Great link. Thanks, Navelgazer.

It's no wonder McKellen was so frustrated with the greenscreen filming in The Hobbit.
posted by homunculus at 6:34 PM on March 24, 2014


Patrick Stewart's version of this speech is considerably more anchored in time, given over his dead love's body. It adds an earthly complement to the air of the speech making it more tender and sorrowful than distracted, as it is usually spoken.
posted by Oyéah at 6:48 PM on March 24, 2014 [1 favorite]


Oyéah: in case you're unaware, in that production the "nurses" you see bringing Lady MacBeth's body in are revealed very early on to be the Weird Sisters, so that sinister element informs the speech as well.
posted by Navelgazer at 7:40 PM on March 24, 2014


And I should ad that the arc of MacBeth (my favorite) to me is that of the man running towards the precipice as fast as he can, believing he can make the jump to the other side.
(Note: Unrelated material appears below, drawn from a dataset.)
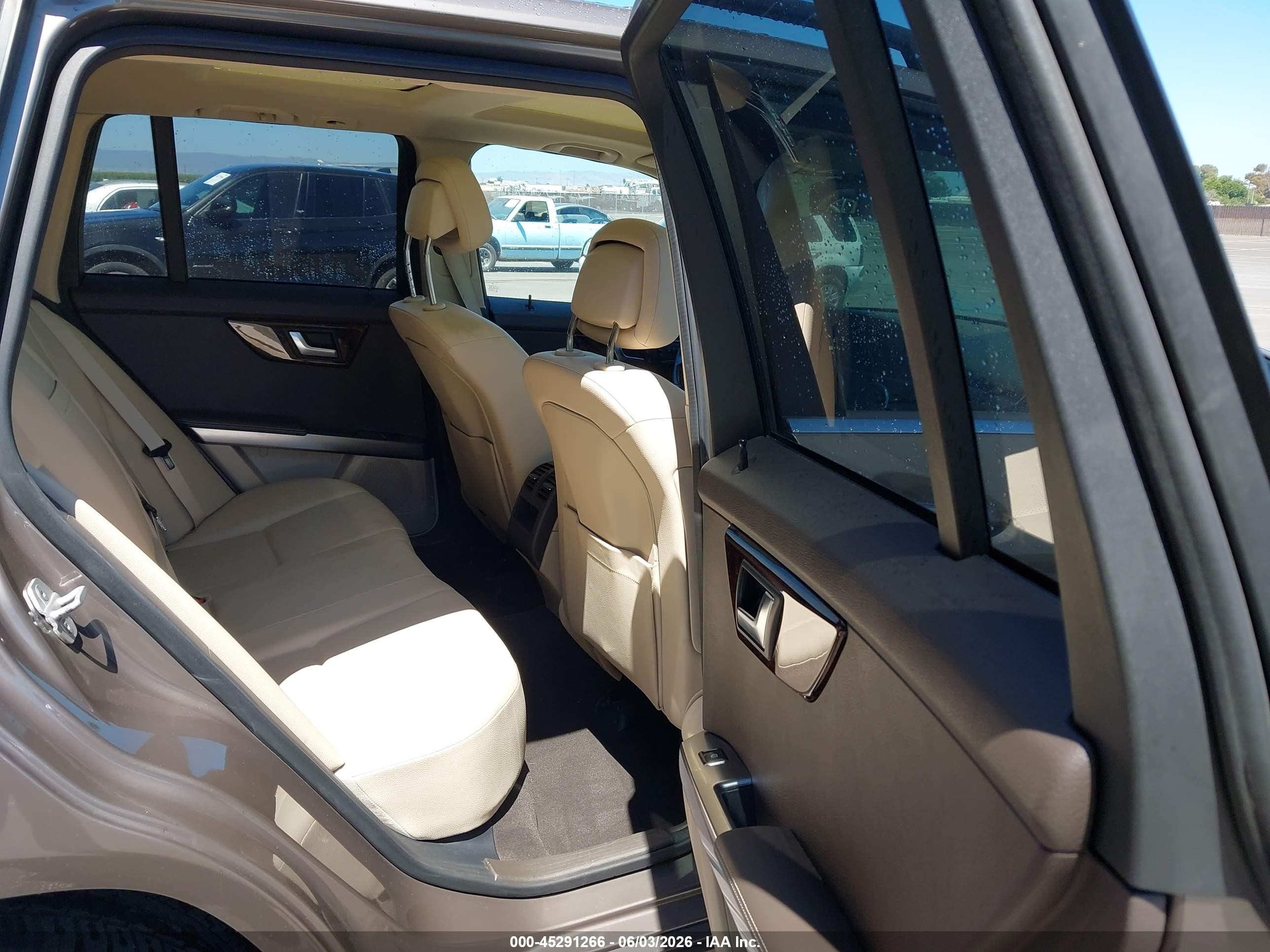2014 Mercedes-benz Glk 350   Brown vin: WDCGG5HB5EG265406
This soliloquy is where he realizes that he cannot make it, and also has too much momentum to stop himself, and finally that were in not for this moment's hesitation, maybe he could have made it after all.

That's my take.
posted by Navelgazer at 7:43 PM on March 24, 2014 [2 favorites]


Macbeth was a set text for my English GCE, thirty cough years ago. It's the only one of those texts that has stuck with me - I quite enjoyed it as a fifteen year old, but it sunk in deeper than I realised at the time. It remains, as schoolboy encounters so often do, a lifelong favourite.

Every so often, i return to it, and every time that happens I am drawn in deeper, always just enough to feel the uncharted ocean grow more huge. Getting older, too, one feels ever more inane in the face of the profound.

This clip made those youthful shores recede further and the idea that there is ever an end - except one - more foolish. It's truly terrifying. That vast oceanic loneliness. Except no, not alone: Shakespeare was here, and through acting of this quality is here still.

Thank you for that.
posted by Devonian at 8:24 PM on March 24, 2014 [3 favorites]


Here's more acting advice from Sir Ian (h/t @fight or flight).
posted by Tristram Shandy, Gentleman at 8:30 PM on March 24, 2014 [1 favorite]


Fry and Laurie on time in Shakespeare.